--- Provided material ---
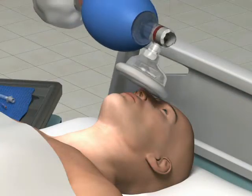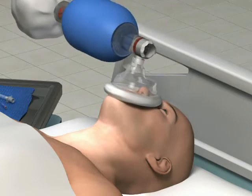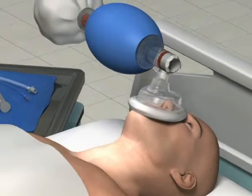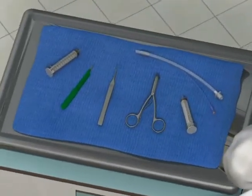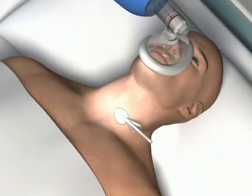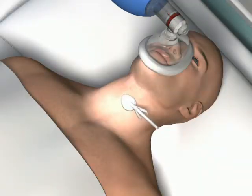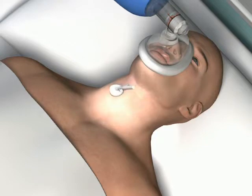Initiate bag valve mask ventilations and make sure that the necessary equipment is available on a bedside tray. Prepare the anterior neck with a skin cleansing agent, such as chlorhexidine or povidone iodine.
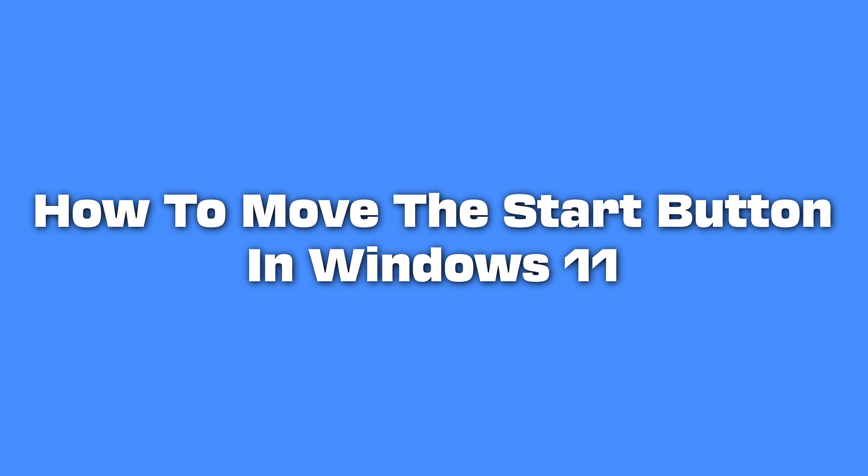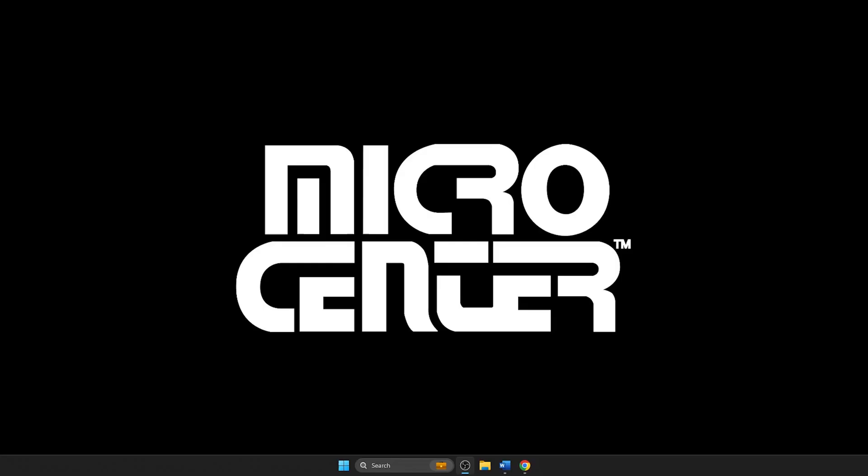Fortunately, Windows 11 allows you to move the start button back to its classic spot with just a few clicks. Today, we'll guide you through the steps to reposition the start button so you can customize your desktop layout to better suit your preferences. Here's how to do this.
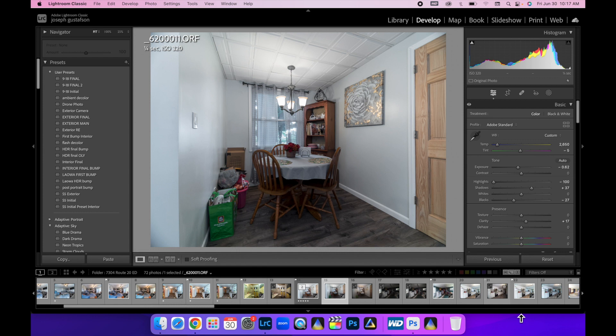Alright guys, welcome to another interior real estate photography tutorial. Today we're going to be looking at Photoshop's new AI software and how incredible it is. How it can save you a ton of time, even on site. I'm going to show you that right now.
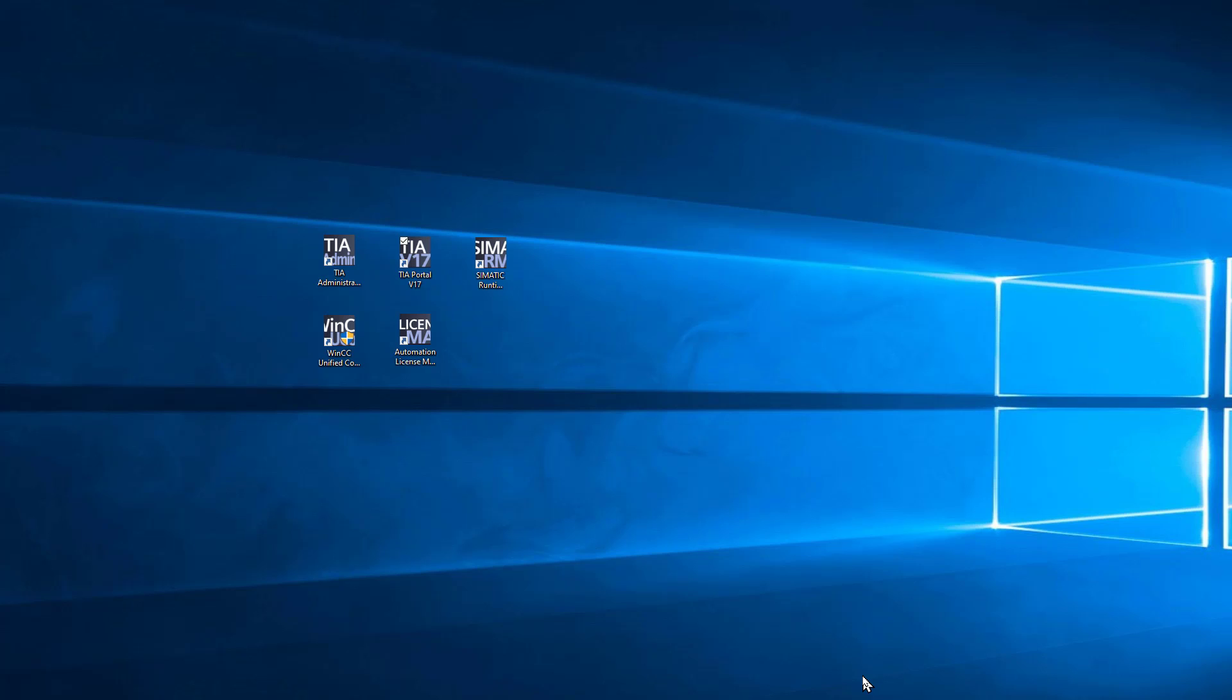Okay, once you get the TIA Portal software installed, you're going to notice some links on your desktop. And I want to briefly go over what these are before we get directly into the Portal Engineering.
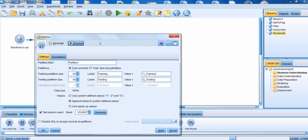That's going to allow you to build your model on the training data set, and then use a separate sample — the testing data set — to test your model and see how well your model results actually generalize to new data. Notice that we first have to specify the name of the new field that we're going to create. It's going to be called partition.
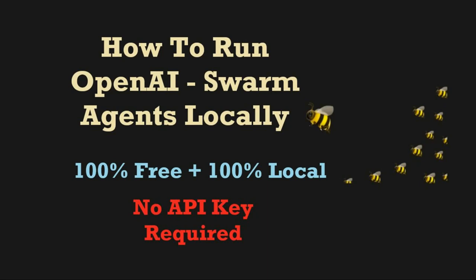Hello everyone, welcome back to my channel. In this video we'll see how we can run our agents locally. We'll be using OpenAI Swarm framework but we won't be paying anything to OpenAI. We won't be utilizing OpenAI API key and we'll be running everything locally on our machine.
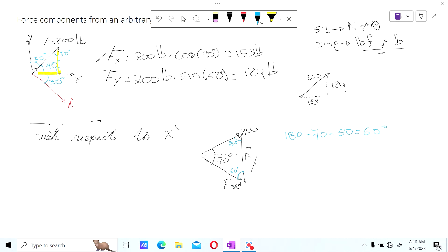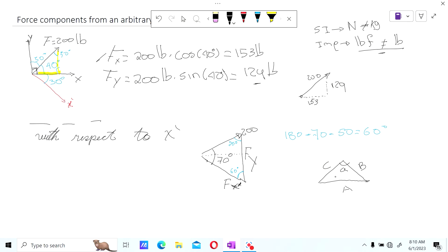If we're asked for the fx prime component, and we already know the force is 200, we use the sine law. Recall that for a triangle with sides a, b, c and opposite angles A, B, C: a divided by sine of A equals b divided by sine of B equals c divided by sine of C. We apply that here. The angle opposite to fx prime is 50 degrees.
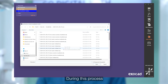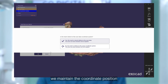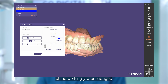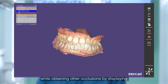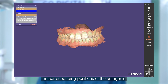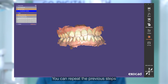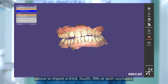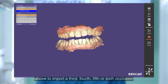During this process, we will maintain the coordinate position of the working jaw unchanged while obtaining other occlusions by displaying the corresponding positions of the antagonist. You can repeat the previous steps to import a third, fourth, fifth, or sixth occlusion.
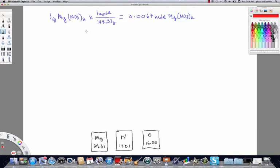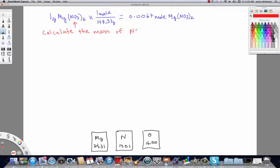In this video we're going to take a more advanced look at calculations involving chemical formulas. In a previous video we learned how to convert one gram of magnesium nitrate to moles of magnesium nitrate. In this video we're going to extend on that idea, with the goal of calculating the mass of nitrate in one gram of magnesium nitrate.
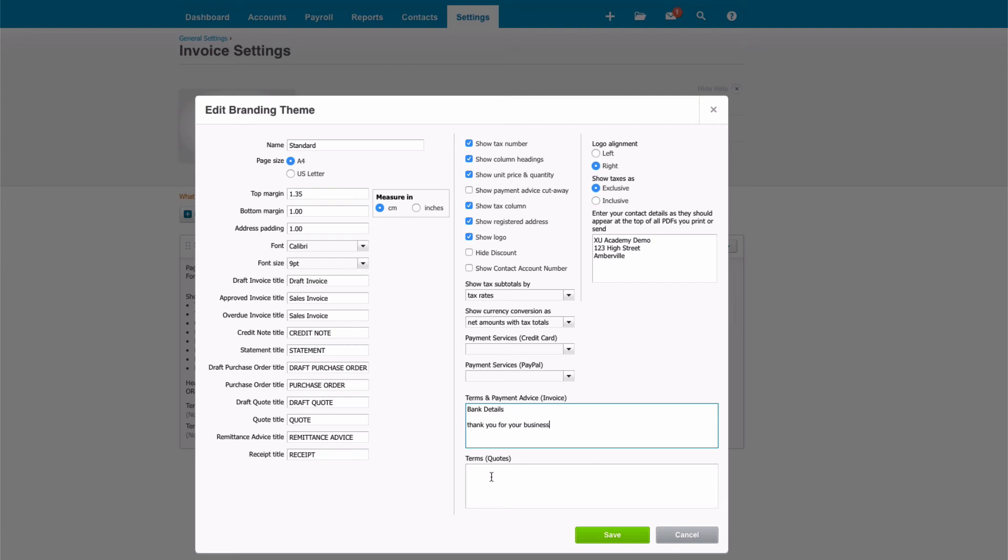We will assume that we're not ready to use quotes in Xero, so we're just going to leave that at the moment. But when you're happy, you would just select Save.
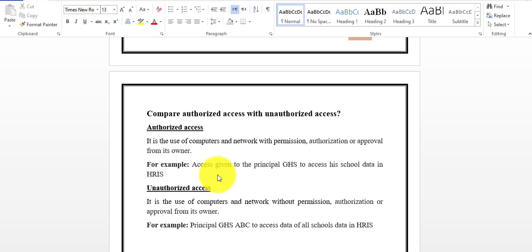Unauthorized access means the use of computers and networks without any permission. You are not permitted to use that information, you are not permitted to access that system. If you access that information without any approval or permission, this is called unauthorized access.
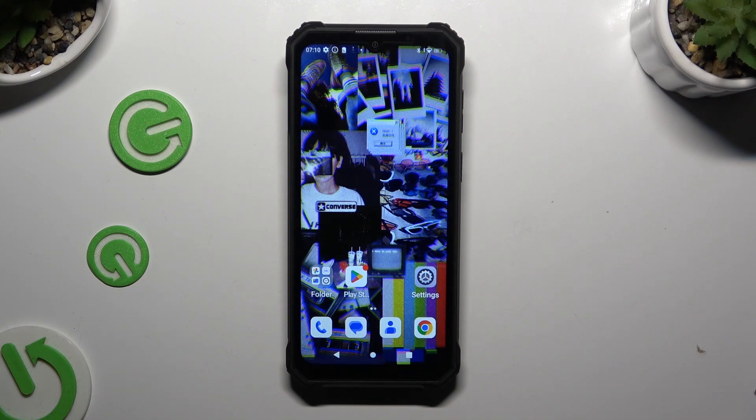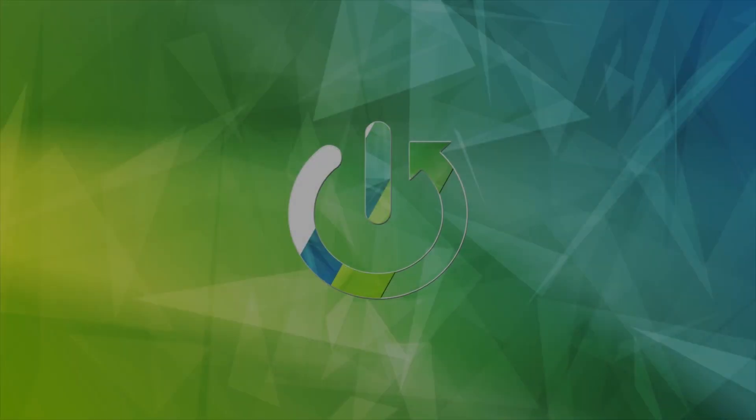In front of me is the Oukitel WP36, and today I would like to show you how you can clean storage on it.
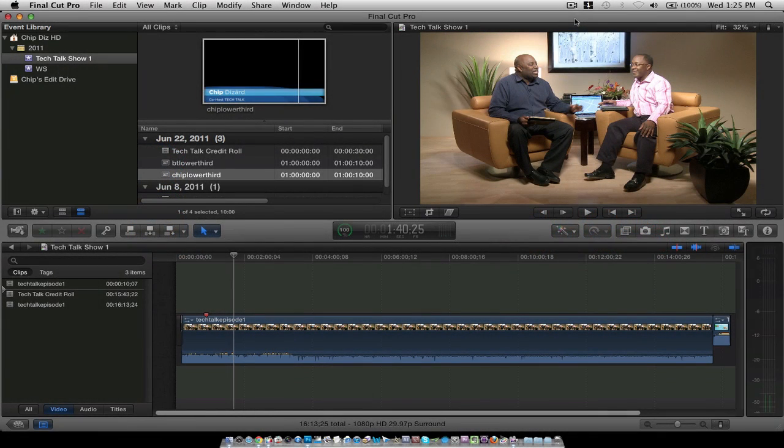Hey, what's going on? It's Chip Dazzard and I want to give you a quick tip with Final Cut Pro 10. I saw a few posts on message boards about cross dissolve. So yes, it is different.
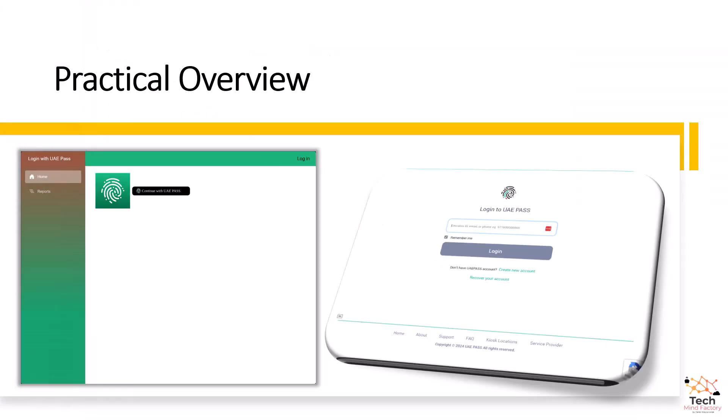I hope you found this video interesting and helpful. Thank you so much for watching, and see you in the next videos.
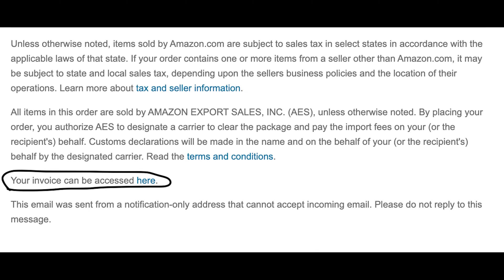Scroll to the bottom of the email and select the Your Invoice Can Be Accessed Here link. A new browser page will open displaying the invoice. Select the link to print the page or go to File, Print to launch the Print dialog box, then select the Print button.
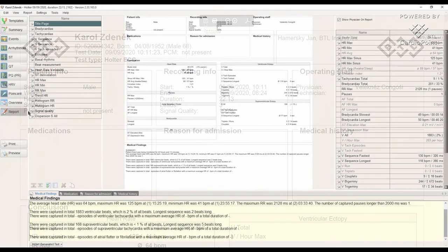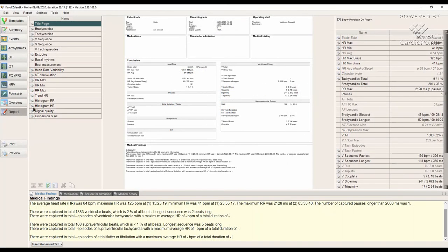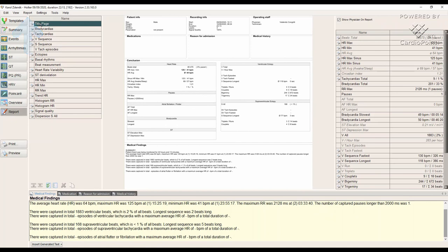In order to use the same report settings in the future, we can save our report profile via the report context menu. This function will save us a lot of time during further examinations.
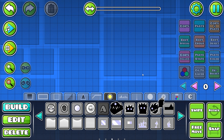One more thing before we get started: I'm going to put a link in the description. I found a website that has a simulator where you can try out different frequencies, wavelengths, and amplitudes to test values you want to use in your level.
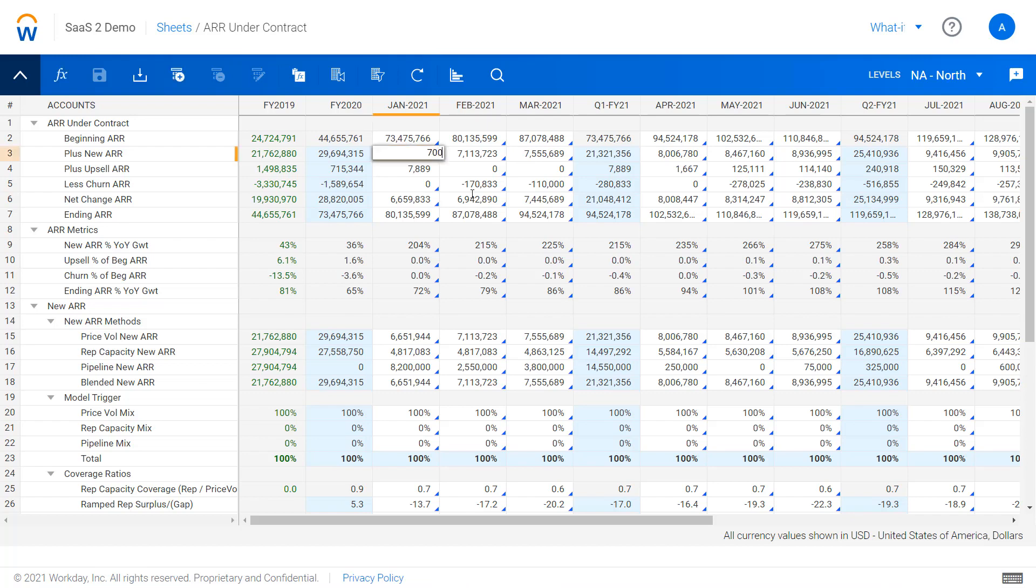This can work just like Excel—you can type in numbers or build formulas—but more commonly what we'll see customers do is build detailed schedules where they look at the underlying drivers behind each of these assumptions.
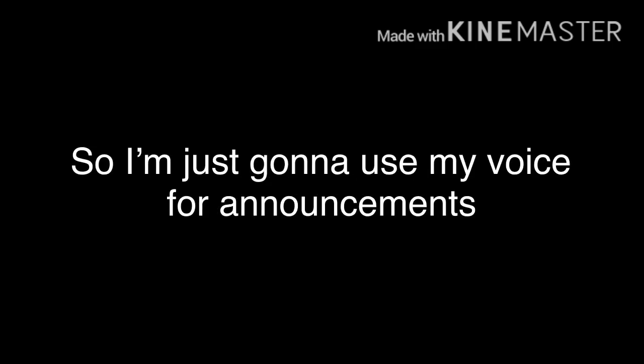Okay, so I'm just gonna use my voice for announcements now, I think. I have a new Discord server.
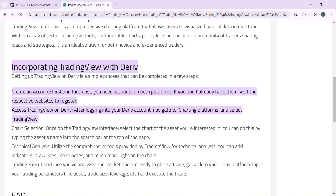Once on the TradingView interface within Deriv, select the chart of the asset you're interested in by typing the asset's name into the search bar at the top of the page. For technical analysis, utilize the comprehensive tools provided by TradingView — you can add indicators, draw lines, make notes, and much more right on the chart. Once you've analyzed the market and are ready to place a trade, go back to the Deriv platform and set your trading parameters like asset, trade size, leverage, etc.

--- What you should do ---
Pictures aside, return exactly the lines from the data above, starting at the line that has "Alright guys, welcome" and ending at the line that has "If we're asked", both included.

--- Solution to the exercise ---
Alright guys, welcome to another interior real estate photography tutorial. Today we're going to be looking at Photoshop's new AI software and how incredible it is. How it can save you a ton of time, even on site. I'm going to show you that right now.
Okay, once you get the TIA Portal software installed, you're going to notice some links on your desktop. And I want to briefly go over what these are before we get directly into the Portal Engineering.
That's going to allow you to build your model on the training data set, and then use a separate sample — the testing data set — to test your model and see how well your model results actually generalize to new data. Notice that we first have to specify the name of the new field that we're going to create. It's going to be called partition.
Hello everyone, welcome back to my channel. In this video we'll see how we can run our agents locally. We'll be using OpenAI Swarm framework but we won't be paying anything to OpenAI. We won't be utilizing OpenAI API key and we'll be running everything locally on our machine.
If we're asked for the fx prime component, and we already know the force is 200, we use the sine law. Recall that for a triangle with sides a, b, c and opposite angles A, B, C: a divided by sine of A equals b divided by sine of B equals c divided by sine of C. We apply that here. The angle opposite to fx prime is 50 degrees.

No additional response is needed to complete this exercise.